"""
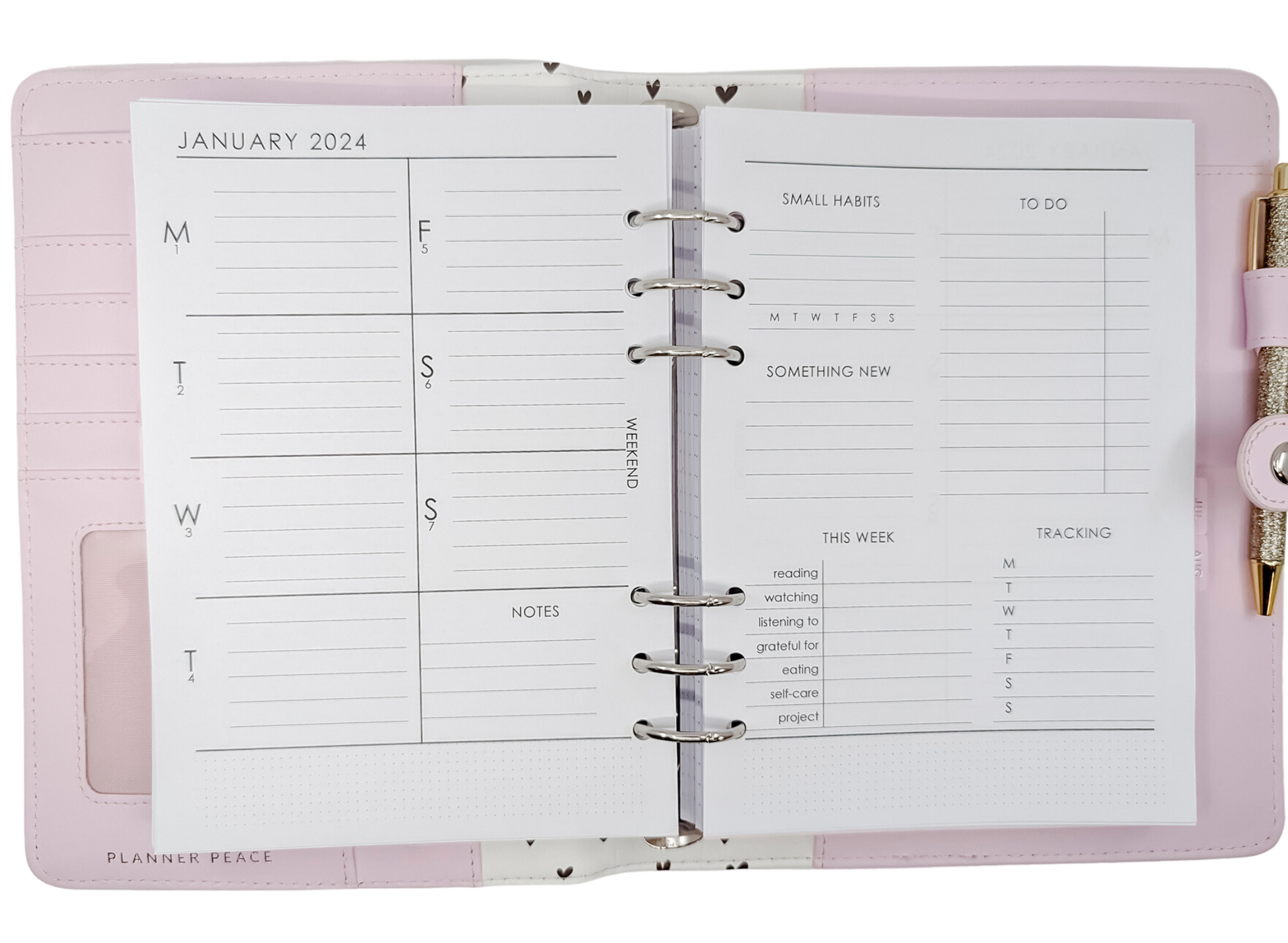 Weekly planner refill A5 size for Kikki.K, Filofax and Planner Peace
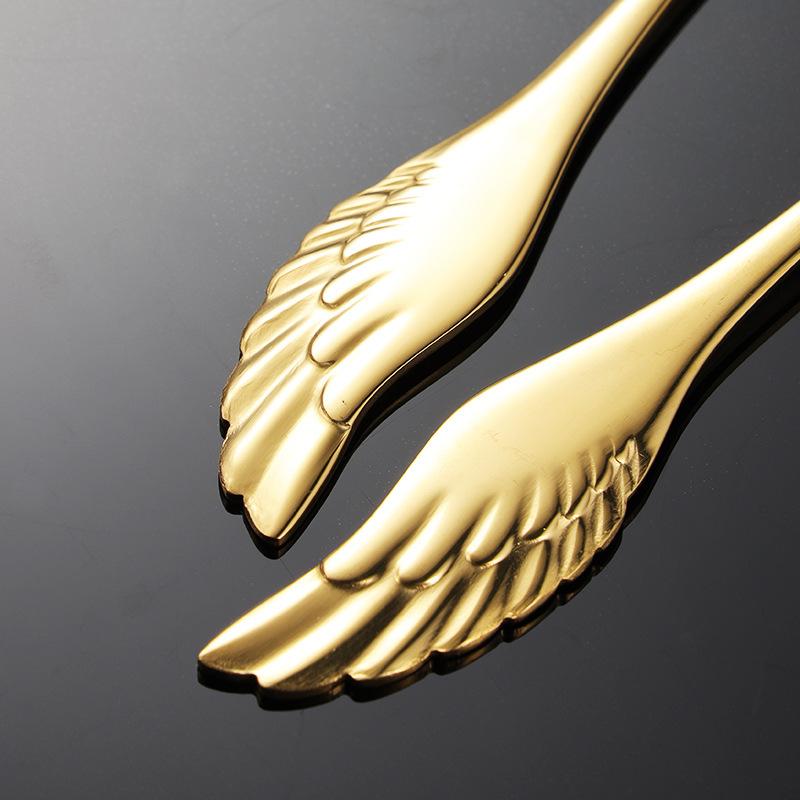304 Edelstahl kreative Obstgabel und Löffel Engelsflügelform titanbeschichtet Geschenkgeschirr Flügel Kaffeelöffel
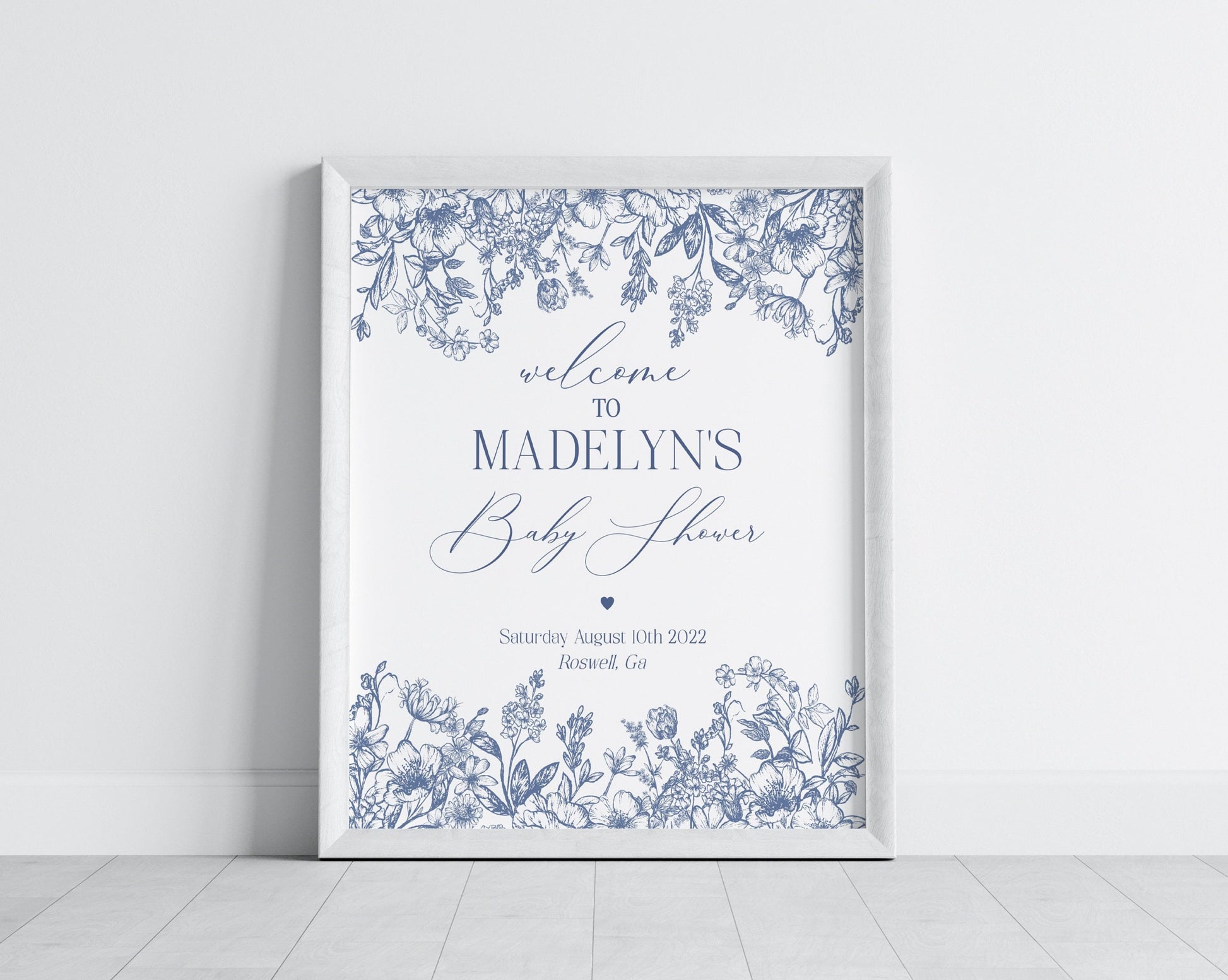 Blue Chinoiserie Baby Shower Welcome Sign Printable Template, Blue Baby in Bloom Elegant Baby Shower for Spring Toile Decor for FrenchShower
"""
#### Your goal:
Please output the full listing above exactly, minus any pictures.

#### Exercise solution:
 Weekly planner refill A5 size for Kikki.K, Filofax and Planner Peace
304 Edelstahl kreative Obstgabel und Löffel Engelsflügelform titanbeschichtet Geschenkgeschirr Flügel Kaffeelöffel
 Blue Chinoiserie Baby Shower Welcome Sign Printable Template, Blue Baby in Bloom Elegant Baby Shower for Spring Toile Decor for FrenchShower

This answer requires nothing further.